Mark Godfrey, Fairhope, Alabama
Guys like you are the reason the Saracens wanted to slay the infidels, Mark. However, you’ve accidentally hit upon an interesting question.
The direction Muslims must face when they pray is called the qibla. What they face, strictly speaking, is not Mecca but the revered Kaaba (spellings vary), the central shrine in Mecca’s Great Mosque, which is Islam’s holiest place. As one might suppose, the qibla varies from place to place, but an effort is made to enforce uniformity in any given location. In places where Muslims are accustomed to praying, it’s not uncommon to see the qibla indicated by an arrow on the ceiling with the legend Makkah (Mecca). You want to make sure you get lined up right, because a prayer carelessly sent in the wrong direction is invalid, or so some believe.
I know what you’re thinking, bubba. Those nutty Arabs! Listen, it’s no wackier than the Jewish dietary laws or Aquinas’s angels dancing on the head of a pin. Besides, determination of the qibla has had practical benefits for Islamic civilization.
In the early days of the faith, determining the local qibla was a pretty basic proposition. According to the noted eighth-century imam Abu Hanifah, “The qibla of the people of the western countries is toward east; the qibla of the people of the eastern countries is toward west; the qibla of the people of the southern countries is toward north; and the qibla of the people of the northern countries is toward south.”

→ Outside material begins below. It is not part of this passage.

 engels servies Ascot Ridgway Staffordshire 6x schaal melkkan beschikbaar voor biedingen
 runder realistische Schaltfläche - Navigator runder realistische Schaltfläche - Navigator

This may not seem like the world’s most exacting standard, but don’t be fooled — it taxed the science of the day. Various methods were proposed to determine direction, such as prevailing winds, mountains, etc., but the most reliable by far was felt to be sighting on Polaris, the north star. This, along with the need to compute prayer times based on sun location, gave rise to an interest in astronomy, navigation, and related subjects that put the Muslim world centuries ahead of Europe.

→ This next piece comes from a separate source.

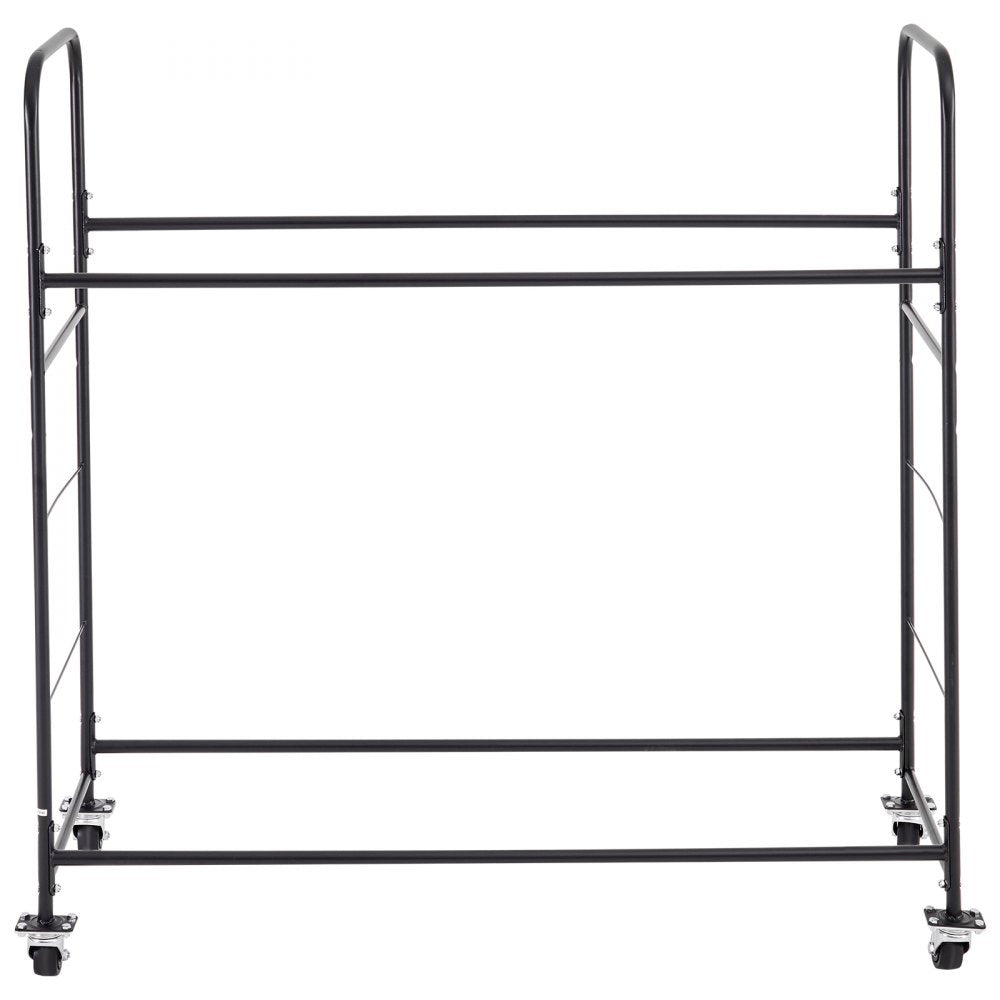 VEVOR Rolling Tire Storage Rack, 2-Shelf Tire Holder and Transport Trailer for Garage, Heavy-Duty Steel Tire Storage Cart with Wheel, Adjustable Height & Protective Cover, Hold up to 12 Standard Tires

As time went on and scientific understanding improved, the determination of the qibla became increasingly precise. Today you can use a personal computer to determine the qibla to within fractions of a degree of arc for most major cities on the globe. (See for example http://www.qiblalocator.com/)
But it’s still easy to get messed up. If you look at a standard flat map of the world, you notice that New York is north of the 40th parallel, while Mecca is south of the 22nd parallel. Therefore the local qibla must be approximately east by southeast, right? Wrong. The computer and most Muslim authorities agree that the qibla in North America is to the northeast, ranging from 56.3 degrees for Washington, D.C., to 23.7 degrees for Los Angeles.
How can this be? Because the typical flat map uses Mercator projection, which distorts the curvature of the earth. But get a globe and stretch a thread between Mecca and any point in North America, and sure enough, you find that the shortest distance, and thus the true direction of the qibla, is northeast. The qibla and the thread follow a so-called great circle, the same route that would be followed by a nonstop jet. (To be fair, this confuses some Muslims, too — for an opinion on the subject, see www.al-islam.org/ organizations/AalimNetwork/msg00614.html.)
Having thus grasped the complexity of the issue, we are now equipped to answer your question. Since the operative principle in determining the qibla is the shortest distance, there is a unique qibla for every point on earth except two. The first is (duh) the location of the Kaaba itself. The second is the point precisely opposite it on the globe. If we ignore variations in the curvature of the earth, this point is equidistant in all directions from Mecca. Thus one could argue that the qibla is in any direction one cares to turn — an ambiguity that the timorous may find unsettling. But since the point is in the middle of the South Pacific, I’m not going to get too excited about it for now.